Checking: the obsession or thoughts focus on some harm coming from things not being as they should, which usually centre around the theme of safety. For example, the obsession is “the building will burn down”, therefore the compulsion is checking that the oven is switched off.

Contamination: the obsession is focused on the presence of germs, dirt or harmful bacteria and how this will impact the person and/or their loved ones. For example, the obsession is “the floor is dirty; me and my family will get sick and die”, the compulsion is repetitive cleaning.

Orderliness: the obsession is a fear of sitting with uncomfortable feelings, or to prevent harm coming to oneself or others. Objectively there appears to be no logical link between the obsession and compulsion. For example,” I won’t feel right if the jars aren’t lined up” or “harm will come to my family if I don’t line up all the jars”, so the compulsion is therefore lining up the jars.

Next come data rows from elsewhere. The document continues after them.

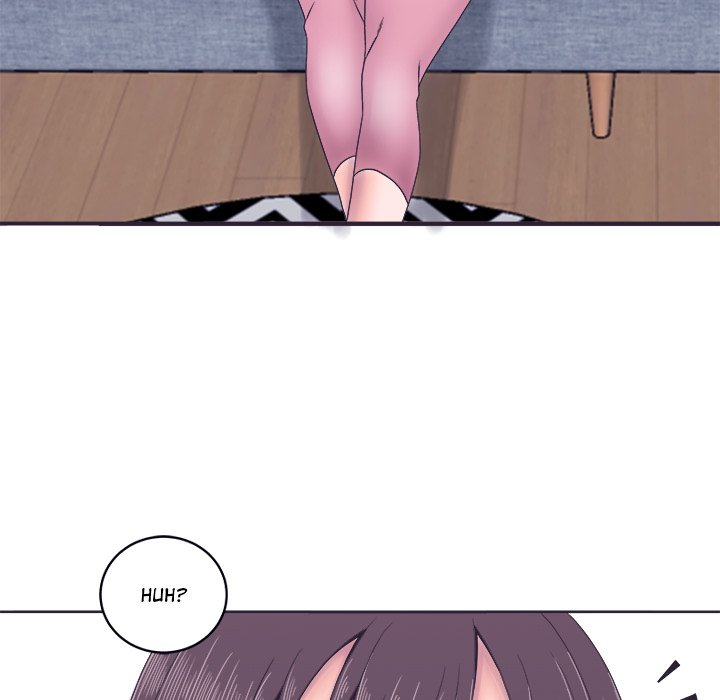 Doggy’s Training Session Chapter 3 image 44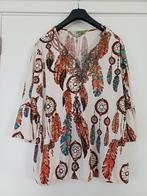 Tuniek K-Design xxxl, K-design, Enlèvement ou Envoi, Comme neuf, Taille 46/48 (XL) ou plus grande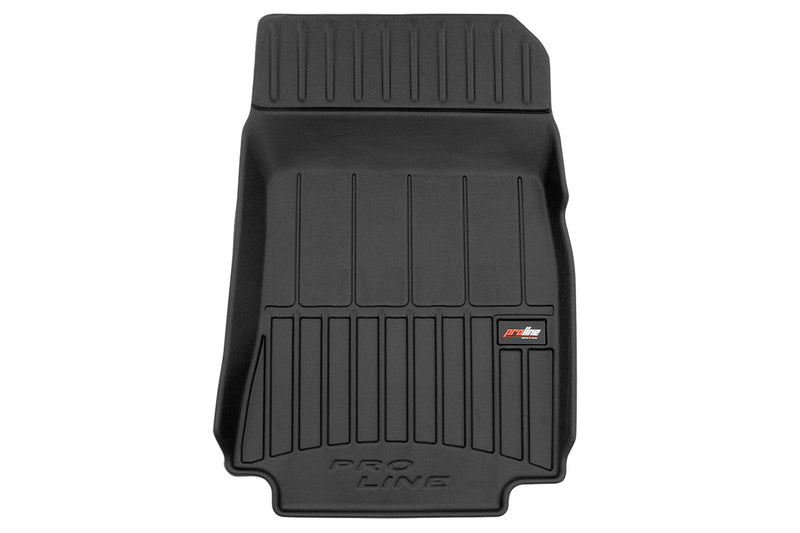 3D Гумени стелки Frogum за Renault Modus (2004-2012) тип леген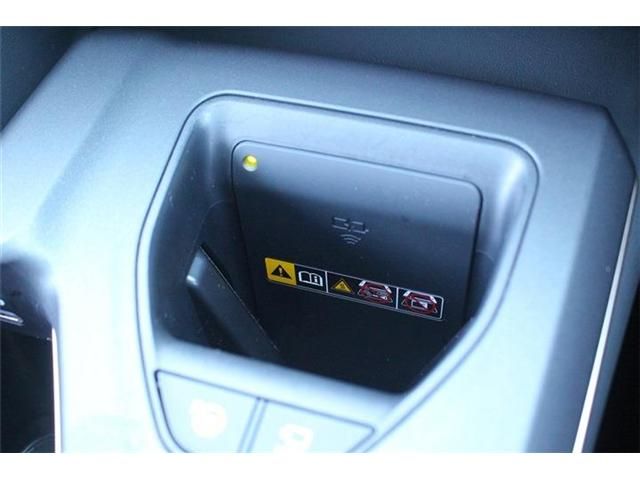 TOYOTA CROWN CROSSOVER 2022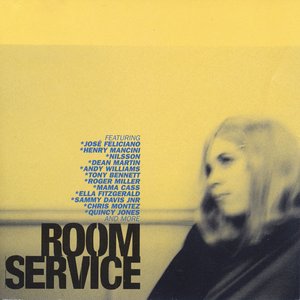 ROOM SERVICE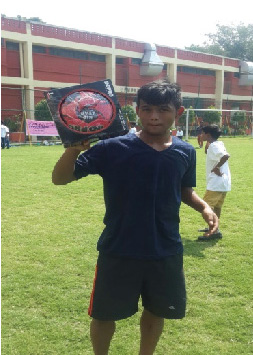 Santosh
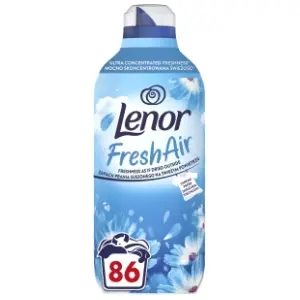 LENOR Fresh air omekšivač za veš 86 pranja (1,204l) slide slika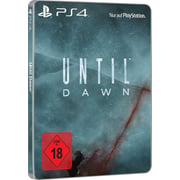 PS4 Until Dawn Special Edition Game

Intrusive thoughts: the intrusive thought is usually highly distressing and repetitive. Common examples may include thoughts of perpetrating violence towards others, harming others, or questions over one’s character or deeds, usually in conflict with the person’s true values. An example would be: “I think I might hurt my family”, which in turn leads to the compulsion of avoiding social gatherings.

Hoarding: the intrusive thought is the overvaluing of objects or possessions, while the compulsion is stashing or hoarding these items and refusing to let them go. For example, “this newspaper may come in useful one day”, therefore, the compulsion is hoarding newspapers instead of discarding them the next day.